Most Civil War generals appeared to believe that raids against the enemy army's rail line of supply would weaken that army and reduce its options. 1864, in particular, was filled by cavalry raids against railroads -- only Lee did not use his cavalry in such raids (perhaps because they were fully occupied defending Virginia railroads from Union raids).

Damage to Confederate railroads was inflicted in three areas -- rolling stock; buildings, water towers and wood lots; and track and bridges.

Non-locomotive rolling stock was easily destroyed by fire, only the iron parts surviving (and they were not in a usable condition). Locomotives would have gages and petcocks destroyed and the cab burned. This level of damage was easily repaired (though the gages were usually not replaced) and the locomotive returned to service. If the raiders knew what they were doing and had time, they could destroy the locomotive by running it head-on into another locomotive or sitting it on a burning bridge so that it would more completely destroy the bridge and drop the locomotive into the river. Damage at this level was not repairable during the war.

Depots, wood lots, water towers, pumps, warehouses, loading platforms, track master houses, etc. were easily destroyed by fire and axe. Water towers and wood lots had to be replaced, but the other structures were rarely repaired during the war because of a lack of lumber and labor and the likelihood that the repaired structures would be destroyed again before the war was over. As the war progressed, replacing water towers became very difficult, water being provided to locomotives by buckets (passed by passengers) from local streams. Wood lots were essential, but hard to refill because of the shortage of labor caused by conscription and the loss of slaves to the raiders.

Track was inefficiently "destroyed" by raiders in a hurry by just breaking the connections at the ends or rails, then turning over the disconnected rails and the sills still attached to them. Repair was very quickly accomplished. More efficient was taking the whole track structure apart, pilling the sills with rails laid across the top of the pile, then burning the sills. The rails would bend and droop when they got hot enough. Repair required replacing the sills from local wood, reheating the rails and straightening them on site. Repairs obviously took longer, but was not difficult (3/4 mile per day being repaired according to one engineer). Lastly, rails could be made useless without re-rolling (something the Confederacy does not seem to have done) by twisting them while they were hot and weak on the burning sills. This required the use of special tongs to grab the ends of the rails and apply the required torque. Sherman used this method in lower Georgia and in South Carolina, requiring repairs to be made by taking track from other roads to replace the destroyed sections. The lack of replacement fish plates, chairs and spikes was not allowed to slow the restoration of service on a line, the repairs being made with whatever could be found that the raiders had left behind and whatever the local railroads might have in stock.

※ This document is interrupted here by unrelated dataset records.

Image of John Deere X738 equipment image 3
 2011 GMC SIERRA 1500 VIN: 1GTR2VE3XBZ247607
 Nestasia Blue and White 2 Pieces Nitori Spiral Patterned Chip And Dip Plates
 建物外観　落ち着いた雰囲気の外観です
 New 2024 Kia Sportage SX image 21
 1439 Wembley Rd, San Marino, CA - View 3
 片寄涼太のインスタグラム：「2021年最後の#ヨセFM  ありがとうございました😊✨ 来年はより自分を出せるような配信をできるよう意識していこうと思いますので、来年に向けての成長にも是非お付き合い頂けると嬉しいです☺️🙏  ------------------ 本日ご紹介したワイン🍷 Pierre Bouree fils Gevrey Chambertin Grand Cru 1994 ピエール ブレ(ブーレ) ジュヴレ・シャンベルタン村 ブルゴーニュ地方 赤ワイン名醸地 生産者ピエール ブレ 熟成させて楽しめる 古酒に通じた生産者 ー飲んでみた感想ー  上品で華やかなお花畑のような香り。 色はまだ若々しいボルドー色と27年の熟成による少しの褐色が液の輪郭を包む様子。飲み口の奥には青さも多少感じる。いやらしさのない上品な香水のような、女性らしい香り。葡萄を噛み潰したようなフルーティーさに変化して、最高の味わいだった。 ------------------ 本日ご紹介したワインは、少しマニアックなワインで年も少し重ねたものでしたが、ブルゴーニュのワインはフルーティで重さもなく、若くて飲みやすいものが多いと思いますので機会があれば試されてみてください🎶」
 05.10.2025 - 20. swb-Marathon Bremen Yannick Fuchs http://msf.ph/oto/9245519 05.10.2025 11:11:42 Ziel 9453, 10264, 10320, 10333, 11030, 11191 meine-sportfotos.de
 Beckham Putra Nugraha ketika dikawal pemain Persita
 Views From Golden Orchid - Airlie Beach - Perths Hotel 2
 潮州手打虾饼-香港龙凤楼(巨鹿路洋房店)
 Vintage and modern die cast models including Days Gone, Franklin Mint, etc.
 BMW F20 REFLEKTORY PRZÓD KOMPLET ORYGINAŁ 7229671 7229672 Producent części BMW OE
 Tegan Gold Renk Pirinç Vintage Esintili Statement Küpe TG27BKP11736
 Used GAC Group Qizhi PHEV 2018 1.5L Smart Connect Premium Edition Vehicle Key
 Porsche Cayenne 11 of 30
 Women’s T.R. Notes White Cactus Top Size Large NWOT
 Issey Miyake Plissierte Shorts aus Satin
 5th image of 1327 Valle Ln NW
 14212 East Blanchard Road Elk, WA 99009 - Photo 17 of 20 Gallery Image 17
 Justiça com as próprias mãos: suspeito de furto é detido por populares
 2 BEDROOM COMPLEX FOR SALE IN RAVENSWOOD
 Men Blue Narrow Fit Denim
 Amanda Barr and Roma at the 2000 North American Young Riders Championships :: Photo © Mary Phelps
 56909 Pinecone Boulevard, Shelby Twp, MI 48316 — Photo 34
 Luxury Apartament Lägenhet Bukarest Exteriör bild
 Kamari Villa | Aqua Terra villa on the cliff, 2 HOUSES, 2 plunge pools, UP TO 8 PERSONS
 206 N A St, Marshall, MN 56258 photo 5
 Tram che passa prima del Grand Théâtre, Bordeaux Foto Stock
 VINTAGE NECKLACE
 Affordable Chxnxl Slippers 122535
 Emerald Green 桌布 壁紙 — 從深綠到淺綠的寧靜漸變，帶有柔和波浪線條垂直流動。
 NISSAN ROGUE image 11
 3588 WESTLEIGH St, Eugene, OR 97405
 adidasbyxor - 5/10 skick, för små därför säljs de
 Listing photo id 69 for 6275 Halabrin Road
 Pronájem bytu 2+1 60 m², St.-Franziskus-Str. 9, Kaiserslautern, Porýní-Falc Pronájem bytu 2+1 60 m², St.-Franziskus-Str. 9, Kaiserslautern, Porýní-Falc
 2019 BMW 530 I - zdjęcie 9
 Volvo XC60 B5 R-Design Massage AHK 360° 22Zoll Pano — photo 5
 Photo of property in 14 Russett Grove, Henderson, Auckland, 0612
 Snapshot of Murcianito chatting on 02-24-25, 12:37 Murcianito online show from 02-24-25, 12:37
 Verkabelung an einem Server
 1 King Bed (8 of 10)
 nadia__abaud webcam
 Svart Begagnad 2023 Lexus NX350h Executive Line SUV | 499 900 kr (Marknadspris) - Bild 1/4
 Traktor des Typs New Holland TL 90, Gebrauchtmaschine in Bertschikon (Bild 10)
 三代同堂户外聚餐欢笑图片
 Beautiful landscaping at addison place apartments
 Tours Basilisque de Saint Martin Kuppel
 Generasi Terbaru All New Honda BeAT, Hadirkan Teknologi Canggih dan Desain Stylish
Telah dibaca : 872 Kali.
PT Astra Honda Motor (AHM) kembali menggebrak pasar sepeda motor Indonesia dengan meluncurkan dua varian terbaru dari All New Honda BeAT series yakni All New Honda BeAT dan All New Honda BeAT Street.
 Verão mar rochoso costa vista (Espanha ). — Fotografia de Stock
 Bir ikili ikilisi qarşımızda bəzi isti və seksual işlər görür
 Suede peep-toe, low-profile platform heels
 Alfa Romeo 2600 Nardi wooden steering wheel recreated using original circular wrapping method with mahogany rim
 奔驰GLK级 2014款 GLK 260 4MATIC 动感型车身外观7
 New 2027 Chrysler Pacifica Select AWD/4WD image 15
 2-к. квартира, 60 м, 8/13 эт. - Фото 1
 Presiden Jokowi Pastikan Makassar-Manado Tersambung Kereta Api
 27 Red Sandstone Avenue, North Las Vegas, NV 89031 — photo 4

Bridges, trestles and culverts took much longer to repair than the rail. Culverts were usually ignored or blown up with powder. Trestles were easily burned, and reasonably easily repaired with new poles made from local trees. Bridges took time and someone who knew what he was doing. They also required lumber, labor and sometimes iron work (mostly bolts and nuts). To speed repairs, bridges were surveyed and replacement timbers cut and fashioned and stored near a major city.

In the Confederacy, repairs were the responsibility of the railroad companies. Reality, however, soon had the government providing assistance, and, eventually, manpower. A plan to form a railroad repair corps of slaves, mechanics and engineers was never formally enacted, though, in practice, it almost existed in the west in 1864 and 1865.

Even with the lack of material and manpower and without a repair corps, the only really effective raid on Confederate railroads was Sherman's raid from Atlanta to Savannah. This was so effective that some of the roads were not back in operation over their full length until after the war was over. Effectiveness was achieved by using an entire army, not a cavalry force, and destroying dozens of miles of several roads at once, and doing it right by twisting the rails.